2. Projet d'avenir plus ou moins difficile à réaliser. Faire un rêve.
a) [Rêve chimérique, impossible, insensé] Ah! si nous étions libres, nous voyagerions ensemble. C'est un rêve que je fais souvent, va. Quels rêves n'ai-je pas faits d'ailleurs? C'est là mon infirmité à moi (Flaub.,Corresp., 1846, p. 316).Jamais (...) Barrès n'a nié son penchant pour le rêve, ni pour la dissolution de l'être (...). Il fait à l'évasion une place dans sa vie; il s'accorde des répits (Mauriac,Journal 1, 1934, p. 76).
Péj. Ce n'est pas avec des absences et des rêves que l'on impose à la parole de si précieux et de si rares ajustements (Valéry,Variété[I], 1924, p. 62).

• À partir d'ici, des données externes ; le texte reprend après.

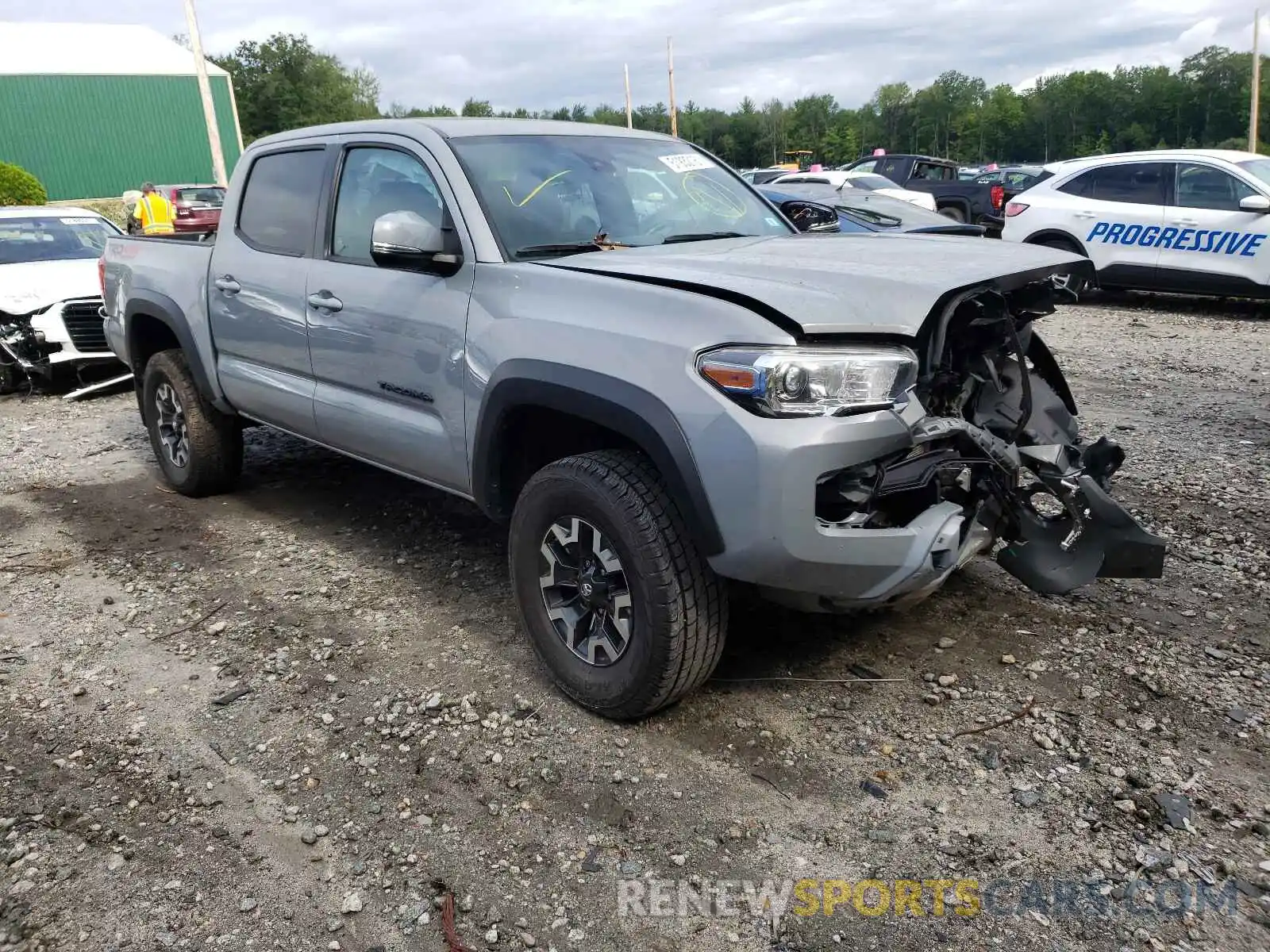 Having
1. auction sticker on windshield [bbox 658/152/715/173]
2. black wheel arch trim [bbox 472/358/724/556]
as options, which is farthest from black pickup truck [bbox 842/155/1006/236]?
black wheel arch trim [bbox 472/358/724/556]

b) [Rêve possible] Les rêves de la (sa) jeunesse; réaliser un vieux rêve. Son rêve était de s'installer au Crillon (...) d'entrer peu à peu dans l'intimité de la clientèle de cet établissement (Fargue,Piéton Paris, 1939, p. 225):
2. ... le jour où il leur serait donné de revoir leur pays (...) était-ce donc un rêve irréalisable? Mais ce rêve, il n'y avait que deux manières de le réaliser: ou un navire se montrerait quelque jour dans les eaux de l'île Lincoln, ou les colons construiraient eux-mêmes un bâtiment assez fort pour tenir la mer jusqu'aux terres les plus rapprochées. Verne,Île myst., 1874, p. 540.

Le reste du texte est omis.